Once game is complete, students should explain their strategies. The correct strategy is to guess one characteristic at a time (e.g. “does your character wear glasses?”). This will eliminate half of the characters with each guess, meaning that the correct character can always be found in three guesses. This is a variant of binary search because the search range can again be halved with each iteration. This example has been chosen, because it is equivalent to a particular search problem, known as the Bernstein-Vazirani problem, where the quantum algorithm has O(1) complexity. This algorithm will be covered in Lesson 3 (mathematical and computational approach).

One possible algorithm is to test each prime in turn. If the number does not divide by the prime, try the next prime in the list. If it does divide by the prime, calculate the quotient and test whether this number divides by each prime in the list (starting from the beginning again).

This strategy is known as trial division. With a number like 8192, which has many low prime factors, we can break down a number into its prime factors quite quickly (in this case, with 12 calculations). However, where a number has only two similar-sized prime factors, the algorithm is much slower. In the case of 6557 (= 79 × 83), it takes 22 calculations to find the factors. If we were to construct a number which was the product of two primes which were, for example, 600 digits in length, not even a supercomputer would be able to factorise it. The RSA algorithm, which is used worldwide in encryption for the banking system and the wider internet, relies on this key fact for its security. In the classical computing world, this encryption routine is thought to be unbreakable.
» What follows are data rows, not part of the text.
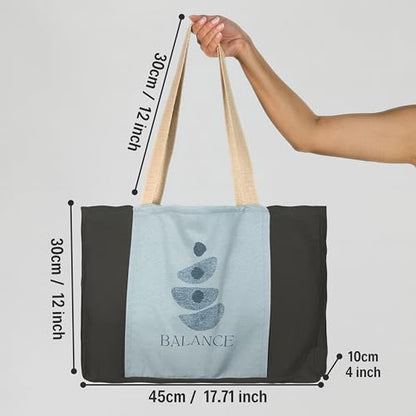 Large Canvas Yoga Tote Bag with Yoga Mats Bags Carrier Dark Gray Eco Friendly Cotton Shoulder Bag for Pilates, Gym, Beach, Groceries & Travel YG08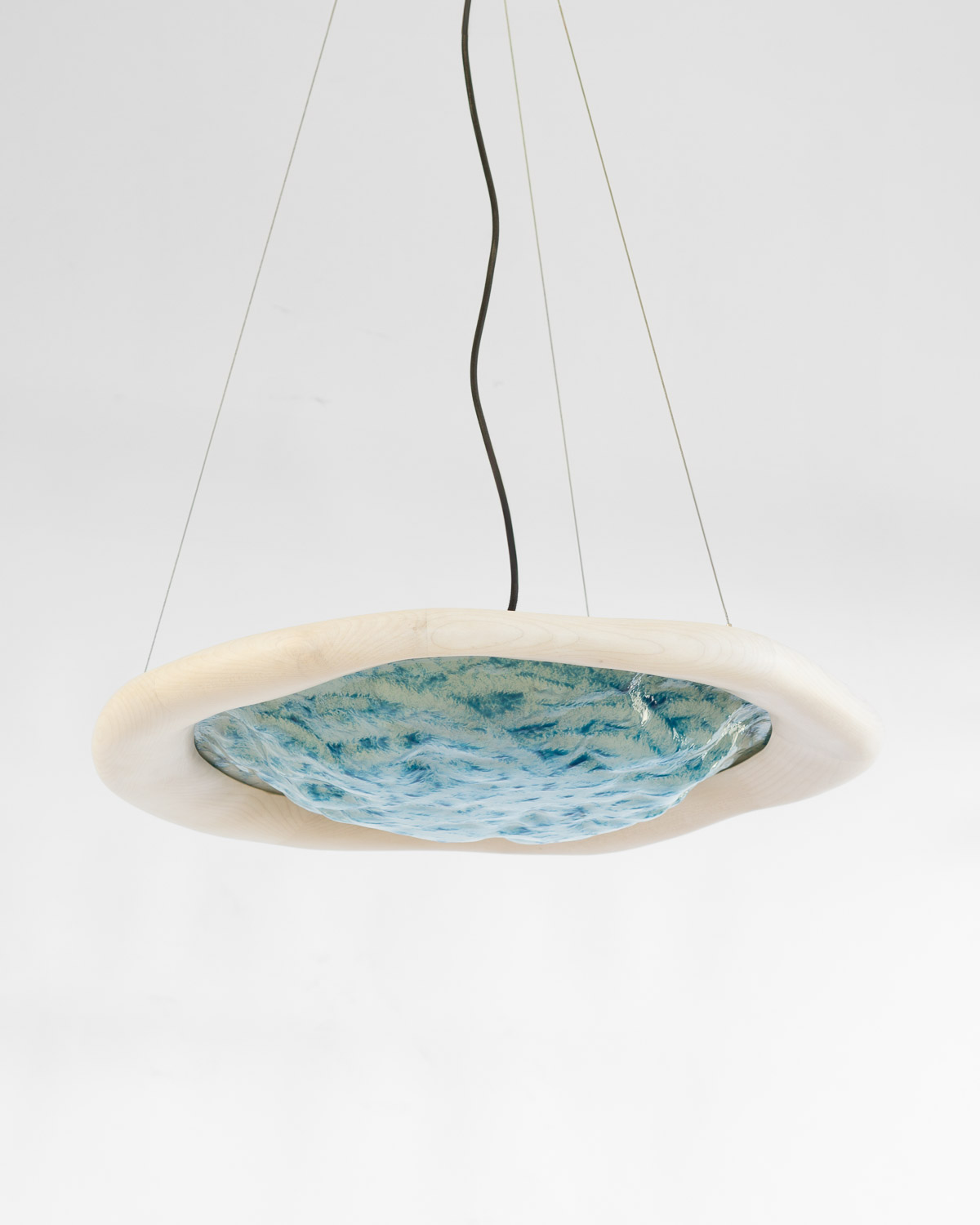 pendant light made from kiln-cast glass & maple
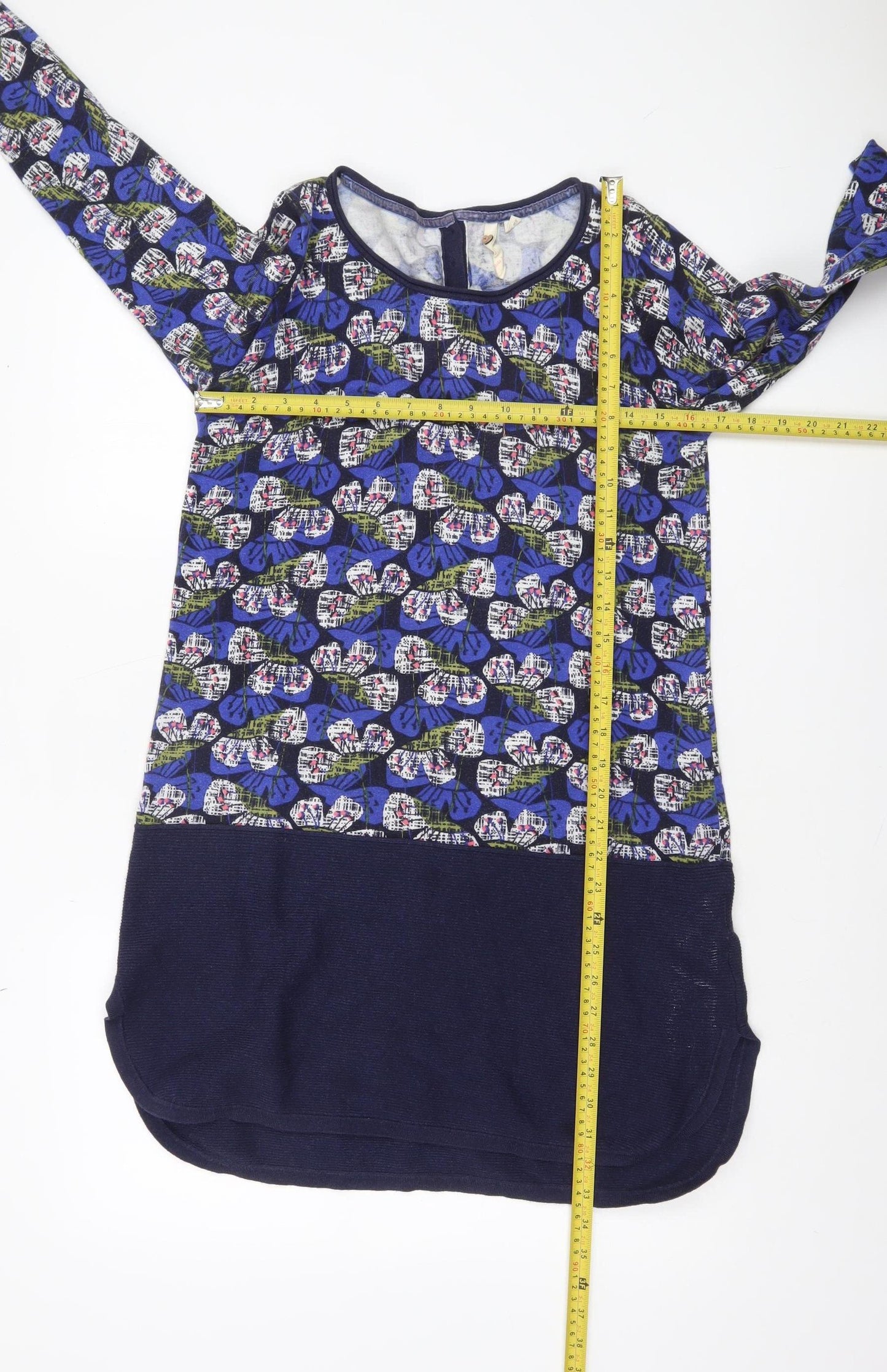 White Stuff Women's Blue Floral Long Sleeve Tunic Blouse Size 10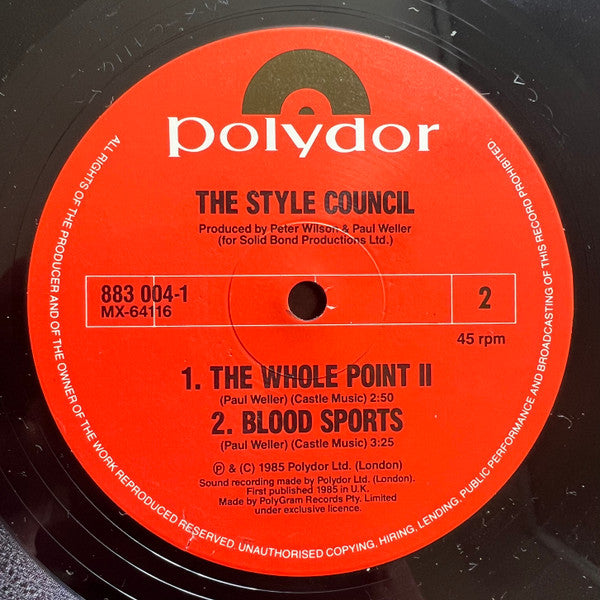 The Style Council – Walls Come Tumbling Down! 12" vinyl record, image 4 of 4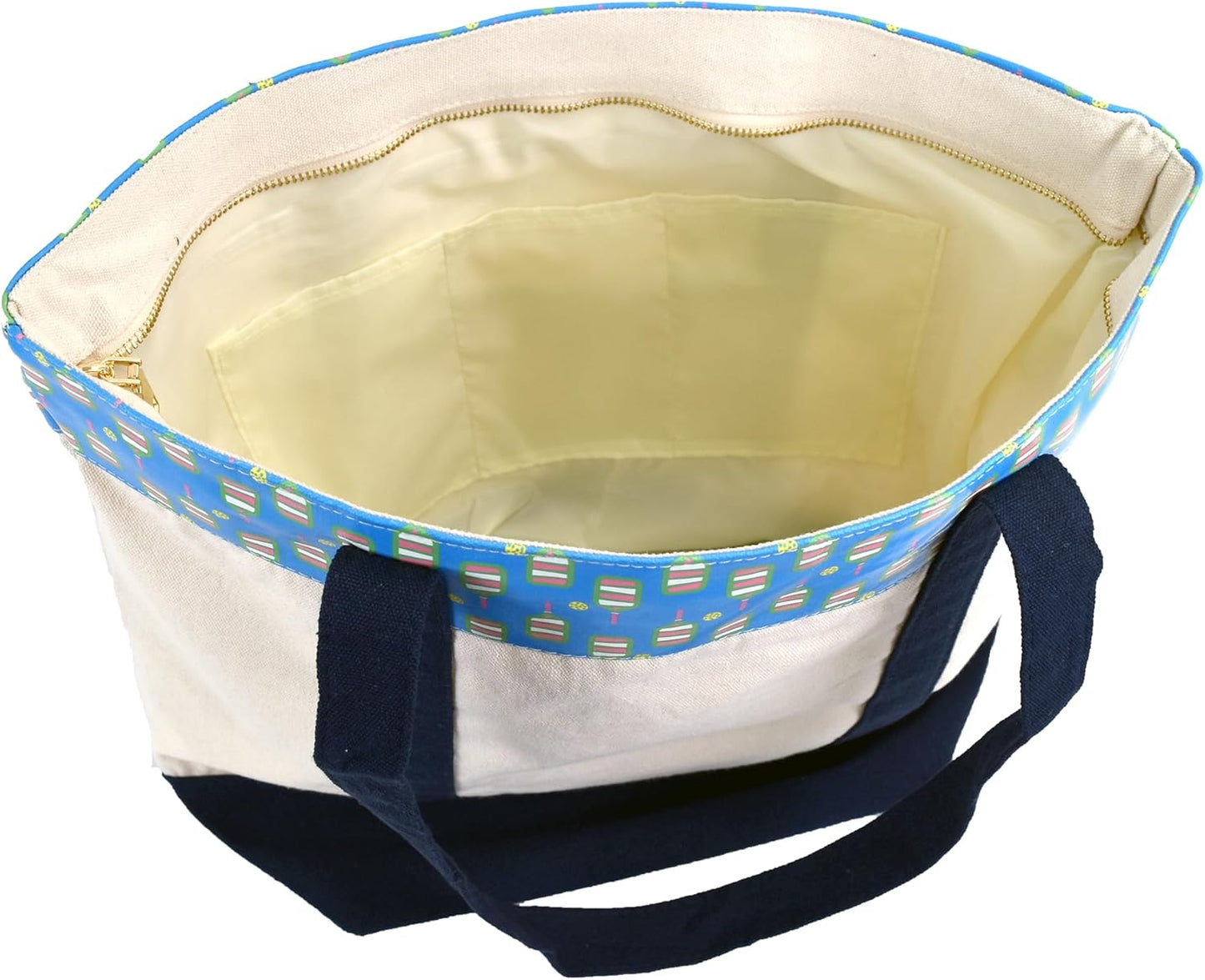The Off-Court Pickleball Carryall Tote Bag – Stylish Canvas Tote with Blue Pattern, Zippered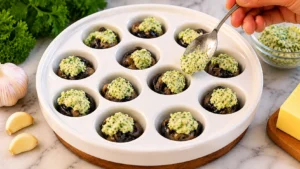 Adding Garlic Butter to Escargot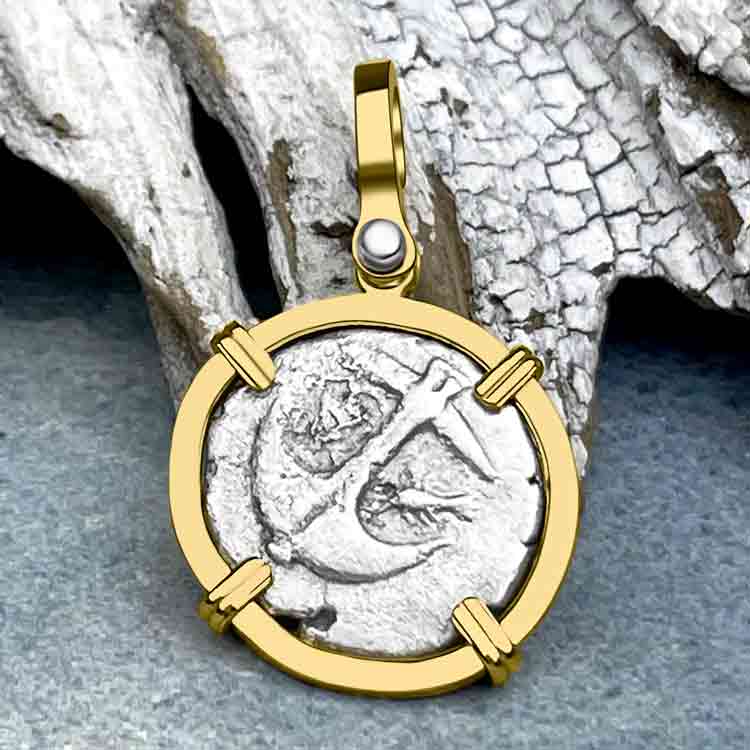 Ancient Greek Gorgon &amp; Anchor Symbol of Protection Silver Drachm 400 BC Gold Pendant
However, quantum computing may offer a way to break it. In Lessons 5 and 6, you will learn about the RSA encryption system (RSA: the unbreakable code?) and how Shor’s algorithm (Breaking the unbreakable? Shor’s Algorithm) offers a potential method for a quantum computer to it.

Once game is complete, students should explain their strategies. The point of this exercise is to show that factorising numbers by trial division is a computationally slow process, especially where the number is the product of two large primes. The RSA algorithm (on which a large amount of internet encryption is based) relies on the difficulty of factoring large numbers as the basis of its security. Lesson 5 will go through the RSA algorithm (RSA: the unbreakable code?) and Lesson 6 will show how a quantum algorithm (Shor’s algorithm) may one day be able to break it (Breaking the unbreakable? Shor’s Algorithm).

Lesson 2 (which follows this lesson) will explore Deutsch’s algorithm (mathematical and computational approach). The classical approach to this algorithm has not been covered here, as it is an artificial construction with no widely-used application in computing. Its importance, however, is that it was the first example of a problem for which a quantum algorithm was faster than any classical algorithm. The basic elements of the approach used in Deutsch’s Algorithm will inform all the algorithms covered in the later part of this course.